I have a training set that looks like
Name Day Area X Y Month Night
ATTACK Monday LA -122.41 37.78 8 0
VEHICLE Saturday CHICAGO -1.67 3.15 2 0
MOUSE Monday TAIPEI -12.5 3.1 9 1
Name is the outcome/dependent variable. I converted Name, Area and Day into factors, but I wasn't sure if I was supposed to for Month and Night, which only take on integer values 1-12 and 0-1, respectively.
I then convert the data into matrix
ynn <- model.matrix(~Name , data = trainDF)
mnn <- model.matrix(~ Day+Area +X + Y + Month + Night, data = trainDF)

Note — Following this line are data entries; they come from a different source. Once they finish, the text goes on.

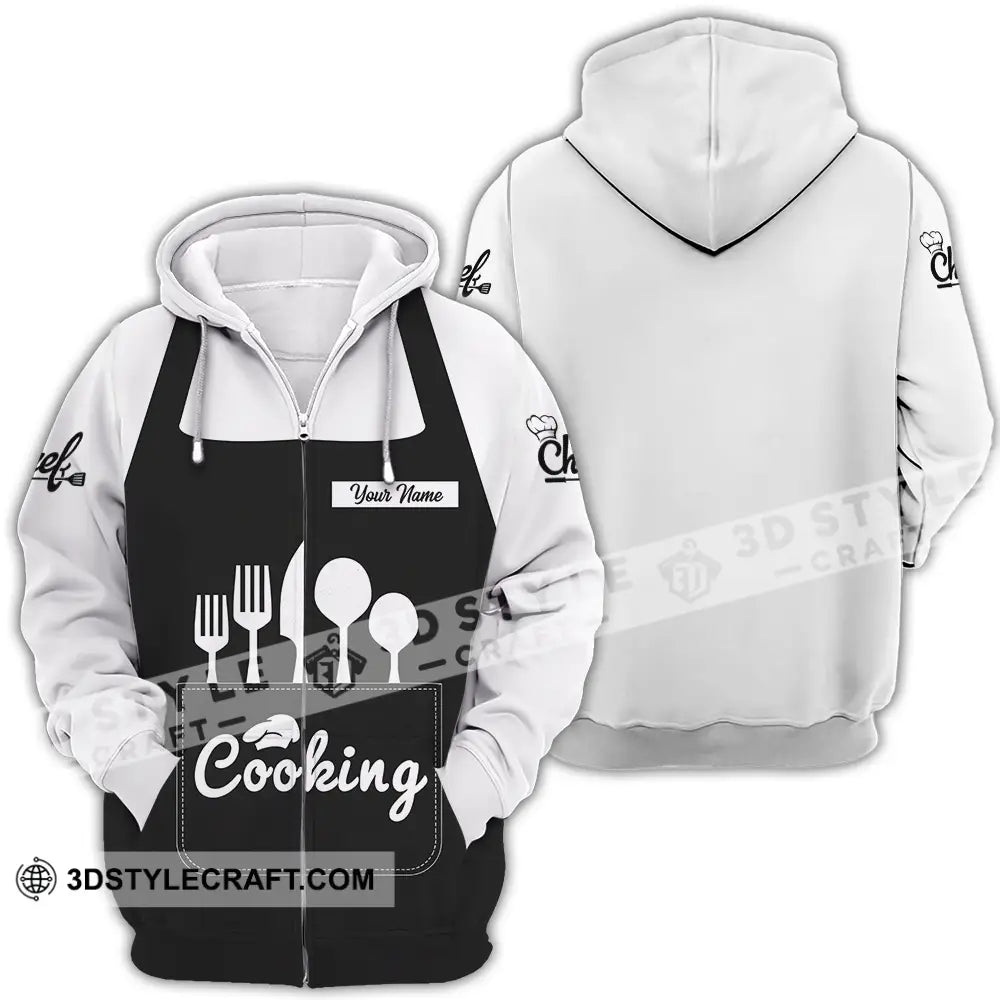 Unisex Shirt - Custom Cooking 3D Shirt Zipper Hoodie / S T-shirt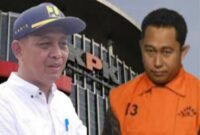 Photo: Henri Lincoln Kepala Dinas SDABMBK, Kabupaten Bekasi dan Sarjan (Kontraktor)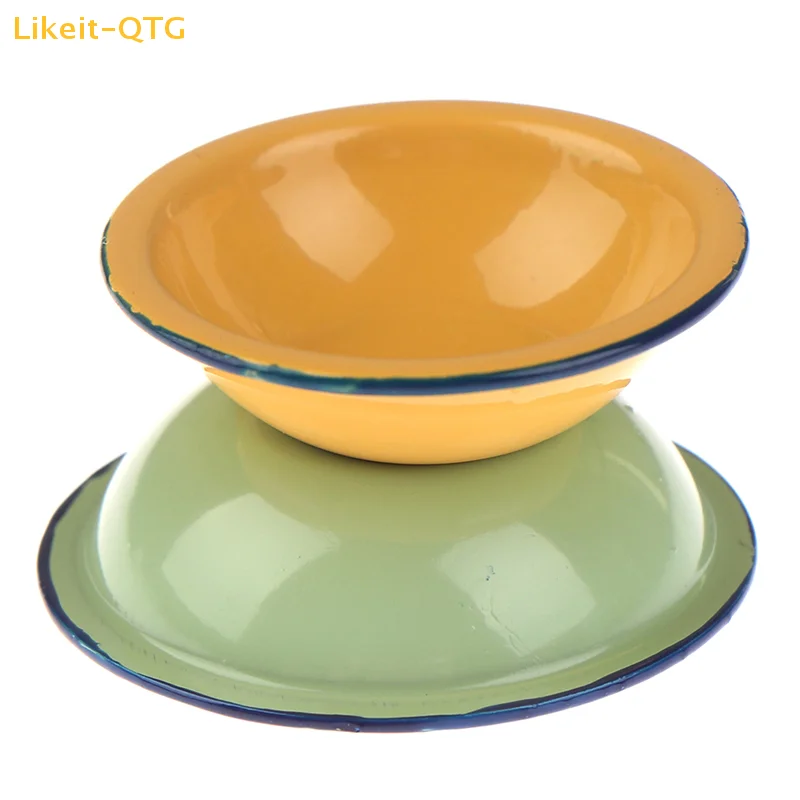 

NEW 1/12 Dollhouse Miniature Retro Mini Soup Pots Kitchen Accessories Toys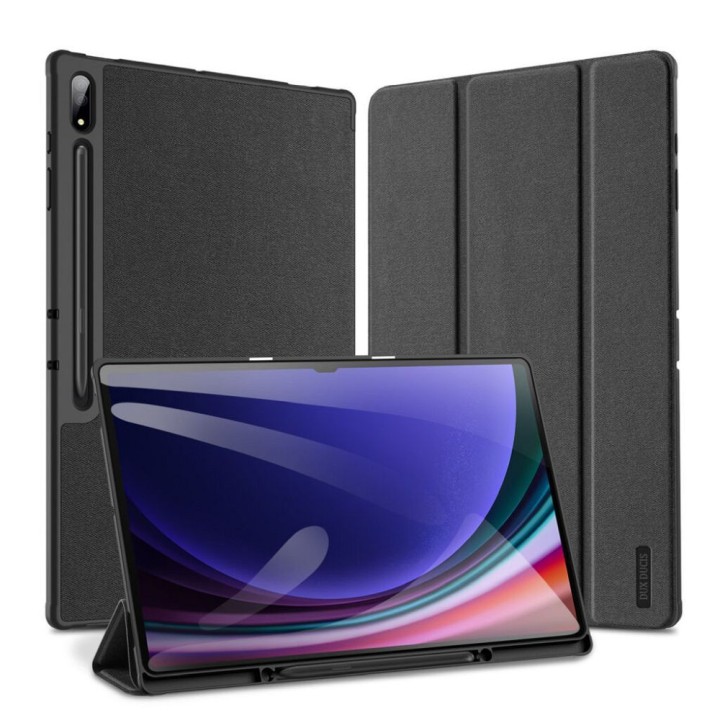 DUX DUCIS чехол DOMO складной с местом для стилуса для SAMSUNG Tab S10 Ultra/S9 Ultra/S8 Ultra Black черный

I then setup tuning the parameters
nnTrControl=trainControl(method = "repeatedcv",number = 3,repeats=5,verboseIter = TRUE, returnData = FALSE, returnResamp = "all", classProbs = TRUE, summaryFunction = multiClassSummary,allowParallel = TRUE)
nnGrid = expand.grid(.size=c(1,4,7),.decay=c(0,0.001,0.1))
model <- train(y=ynn, x=mnn, method='nnet',linout=TRUE, trace = FALSE, trControl = nnTrControl,metric="logLoss", tuneGrid=nnGrid)
However, I get the error Error: nrow(x) == n is not TRUE for the model<-train
I also get a similar error if I use xgboost instead of nnet
Anyone know whats causing this?
y should be a numeric or factor vector containing the outcome for each sample, not a matrix. Using
train(y = make.names(trainDF$Name), ...)
helps, where make.names modifies values so that they could be valid variable names.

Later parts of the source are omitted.